§ DATASET EXTRACT
--*--

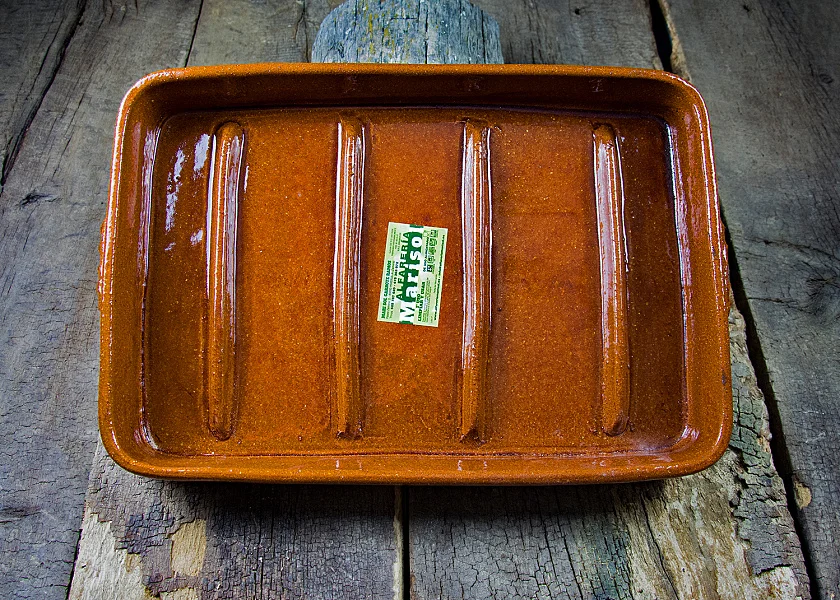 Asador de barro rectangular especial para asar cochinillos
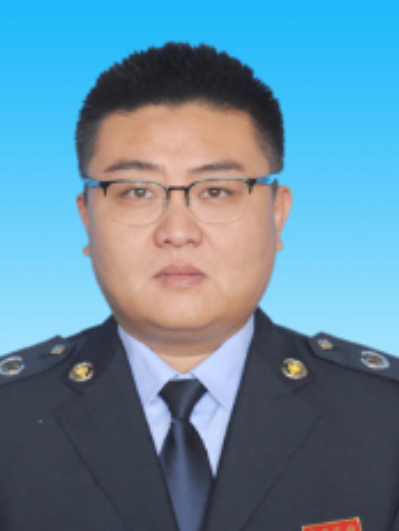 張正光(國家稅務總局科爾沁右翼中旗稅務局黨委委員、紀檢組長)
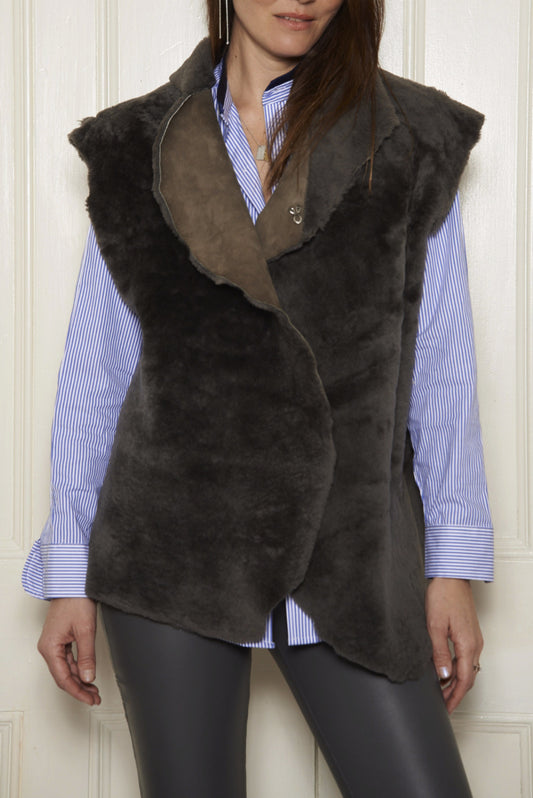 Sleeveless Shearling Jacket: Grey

--*--

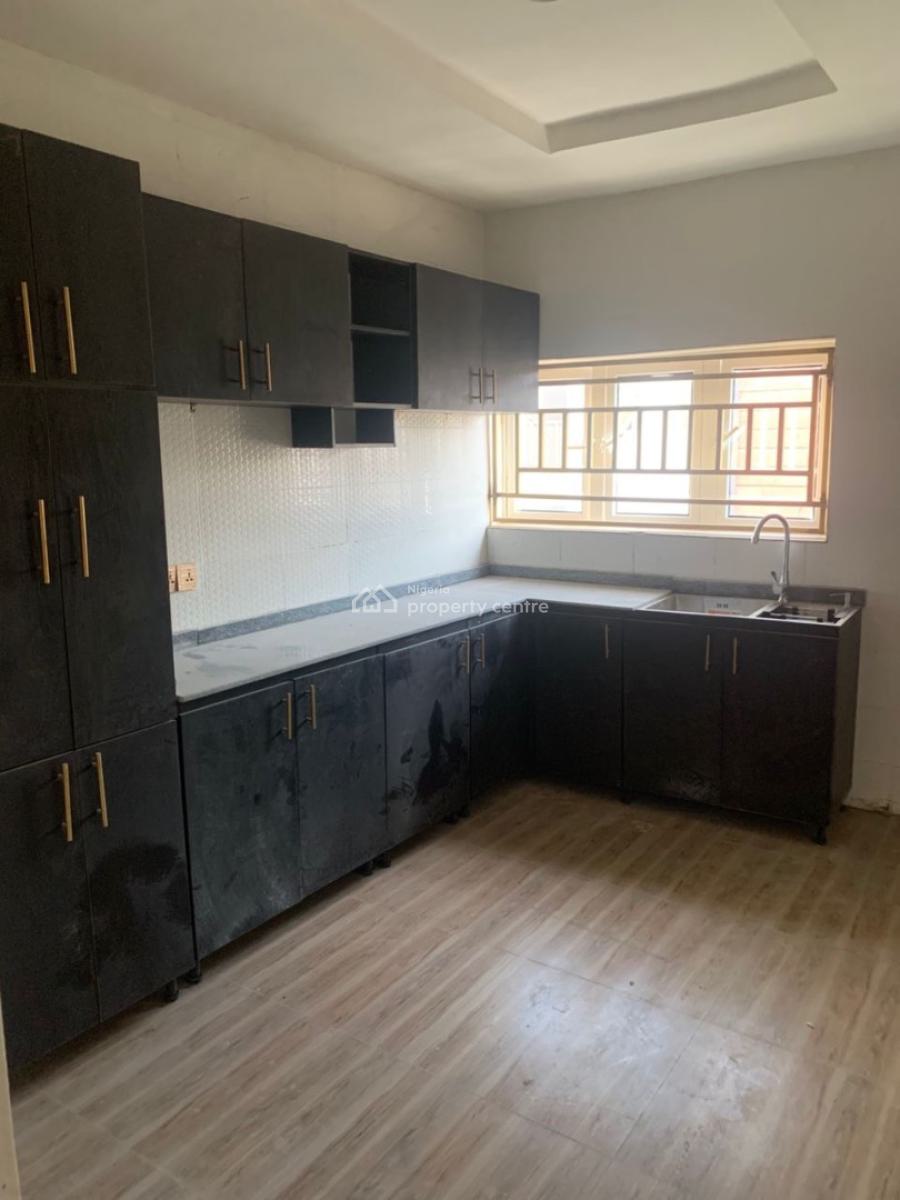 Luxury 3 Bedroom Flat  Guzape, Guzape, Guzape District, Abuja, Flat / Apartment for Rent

--*--

§ TRY IT
Only the lines above from the one with "Asador de barro" to the one with "Sleeveless Shearling Jacket: Grey" should be printed, both included and exactly as written; no picture belongs in the copy.

§ SOLUTION FOR THIS EXERCISE
 Asador de barro rectangular especial para asar cochinillos
 張正光(國家稅務總局科爾沁右翼中旗稅務局黨委委員、紀檢組長)
 Sleeveless Shearling Jacket: Grey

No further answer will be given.